> **RECORDS FOR THE TASK**
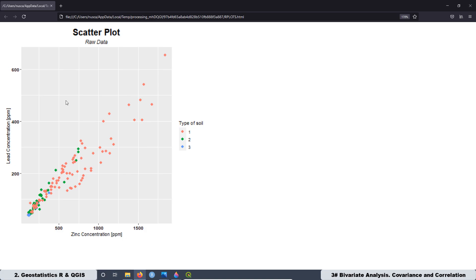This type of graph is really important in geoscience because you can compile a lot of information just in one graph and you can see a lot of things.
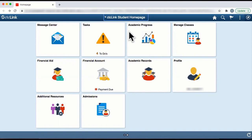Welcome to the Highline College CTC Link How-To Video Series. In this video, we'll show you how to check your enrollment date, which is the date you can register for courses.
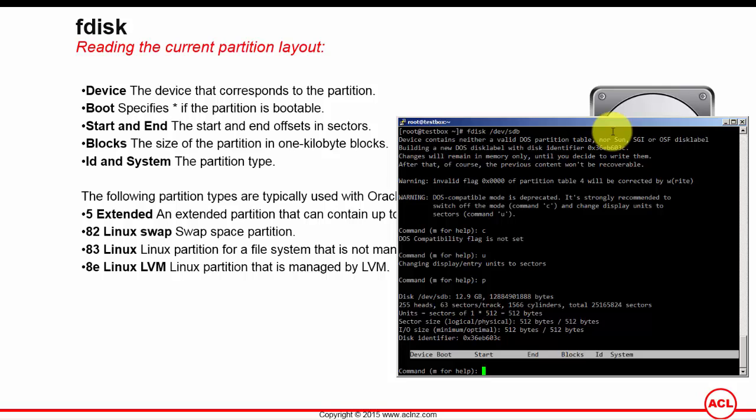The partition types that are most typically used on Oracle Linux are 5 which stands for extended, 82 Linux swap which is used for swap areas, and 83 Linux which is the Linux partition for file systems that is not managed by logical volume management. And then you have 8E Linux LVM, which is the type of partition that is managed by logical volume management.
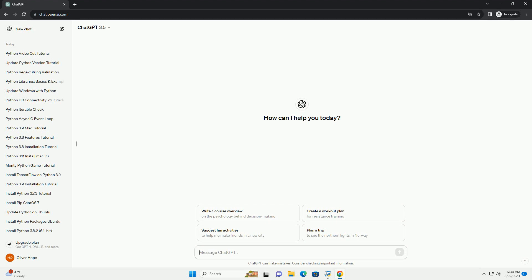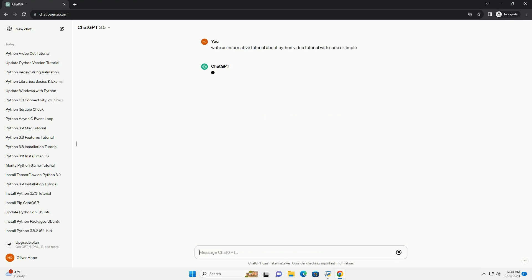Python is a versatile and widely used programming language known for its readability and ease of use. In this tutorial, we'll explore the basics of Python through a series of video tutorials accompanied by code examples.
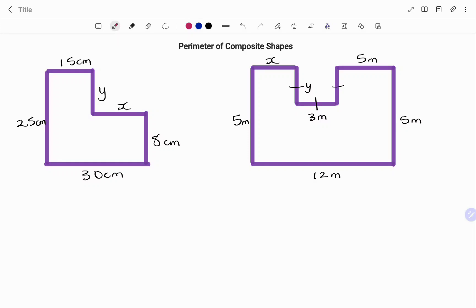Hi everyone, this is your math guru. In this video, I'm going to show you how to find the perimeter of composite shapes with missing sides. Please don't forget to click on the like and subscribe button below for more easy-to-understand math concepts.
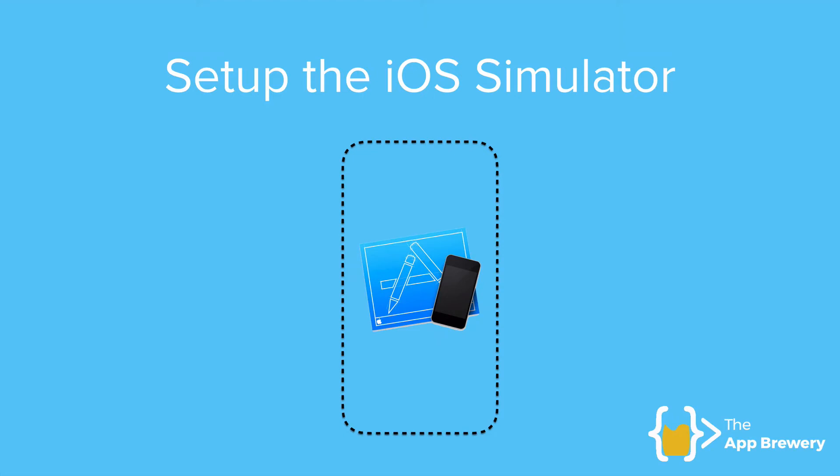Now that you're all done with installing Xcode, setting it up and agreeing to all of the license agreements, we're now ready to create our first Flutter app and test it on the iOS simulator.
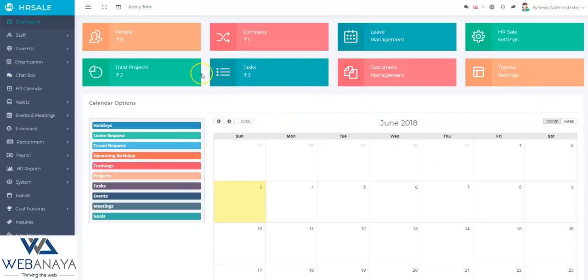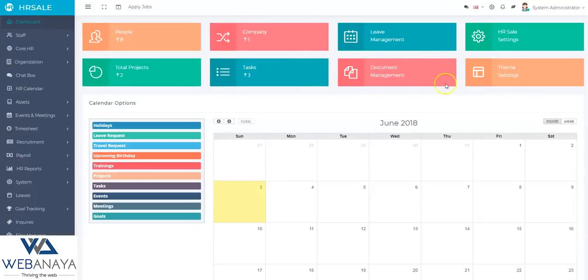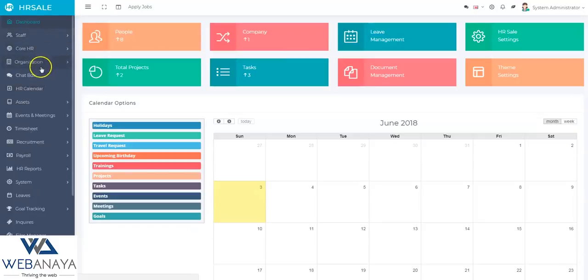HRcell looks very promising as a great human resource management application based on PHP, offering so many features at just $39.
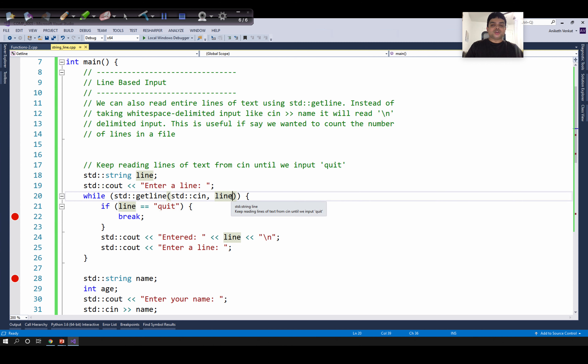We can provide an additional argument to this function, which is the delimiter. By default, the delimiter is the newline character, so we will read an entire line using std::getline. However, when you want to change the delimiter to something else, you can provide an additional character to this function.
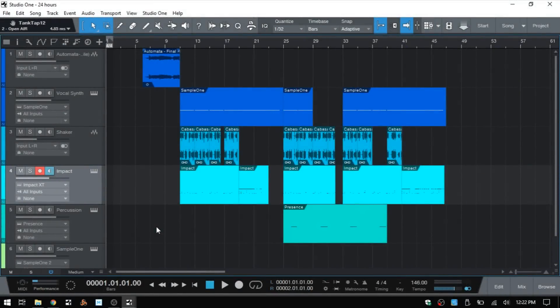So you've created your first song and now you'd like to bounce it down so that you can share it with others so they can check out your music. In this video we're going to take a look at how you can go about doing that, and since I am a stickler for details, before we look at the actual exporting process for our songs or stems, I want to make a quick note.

> **TRY IT**
A word-for-word copy of the lines from the one with "HRcell looks very" through the final line of the listing above is the whole answer, and it contains no pictures.

> **RESULT BELOW**
HRcell looks very promising as a great human resource management application based on PHP, offering so many features at just $39.
We can provide an additional argument to this function, which is the delimiter. By default, the delimiter is the newline character, so we will read an entire line using std::getline. However, when you want to change the delimiter to something else, you can provide an additional character to this function.
So you've created your first song and now you'd like to bounce it down so that you can share it with others so they can check out your music. In this video we're going to take a look at how you can go about doing that, and since I am a stickler for details, before we look at the actual exporting process for our songs or stems, I want to make a quick note.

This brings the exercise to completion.